As Nicki said at the end:

“The Patient Story is the start of the process, not the end…..”

Devon Care Home Teams Annual Conference….

Together Towards Tomorrow……

I’m  glad I ventured into this unfamiliar world, not only because I was talking to new people but also because I learnt so much. A very long blog but as you’ll see an awful lot of stuff you may be unfamiliar with…….

So my busy week continued on World Alzheimers Day on Friday with a conference I’d never attended before – a Care Home Conference. However, I don’t make things easy for myself and this one was at the other end of the country in Barnstaple Devon.

Anyway I’d made my way down from the Birmingham conference to Barnstaple via WALES, which I wasn’t expecting 😳…….but the fact that every other passenger was looking worried was a comfort and, once again, I had my lovely Twitter friends reassuring me it was due to work on the tracks.

I finally arrived many hours later to a dark very wet Barnstaple but Becky was there to drive to my next hotel for the night. Someone showed me to my room and I was met by a lovely surprise…..Becky had already reccied my room and left me a box of `Yorkshire tea, Devon scones and post it notes!! Not only that but she’d covered my black TV screen with a red pillow case…….thoughtful beyond belief…..😍

After breakfast the next morning, Becky arrived to pick me up along with Sharon, who was also a speaker, along with a huge teddy donated for the raffle – I didn’t dare buy a ticket in case I won him and had to get him home too!

I was up first and spoke for 45 minutes including this:

“I wonder how many of you always sleep on the same side of the bed? Most people do. But when you’re in hospital, or you’re moved into a Care Home people are often helped into bed at whichever side is convenient for the nurse – imagine how confusing that can be for someone with dementia.”

They were so warm in their applause, appreciation and comments afterwards. One couple where the husband lives with dementia, said that through my talk she’d found ways to overcome the frustrations for her husband. We chatted for ages over a cuppa which was wonderful. Always nice to meet new playmates.

After me was Sexual Intimacy in Care Home by Dawne Garret from the Royal College of nursing.
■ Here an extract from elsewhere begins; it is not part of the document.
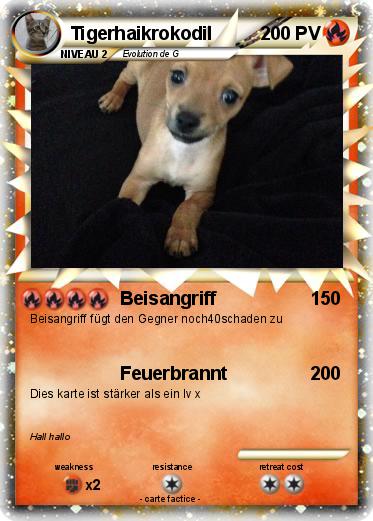 Pokemon Tigerhaikrokodil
Sex is a subject healthcare professionals in care home have problem discussing. Dawne said, older people are sometimes just waiting for you to ask – for example, the side effects of some medication might affect the ability to have sex but is so often not highlighted.

A sexual experience doesn’t have to mean the physical act. When older people were asked for their meaning of sex, the answers given by older people were ‘Being close, cuddling, kissing, music and dancing. The courtship of older people, often the most unchaperoned relationship you had with a potential partner would be around dancing, so for many people, music and dancing are something sexual.
This will disappear with the next generation as that wasn’t part of their life. So interesting and rarely highlighted.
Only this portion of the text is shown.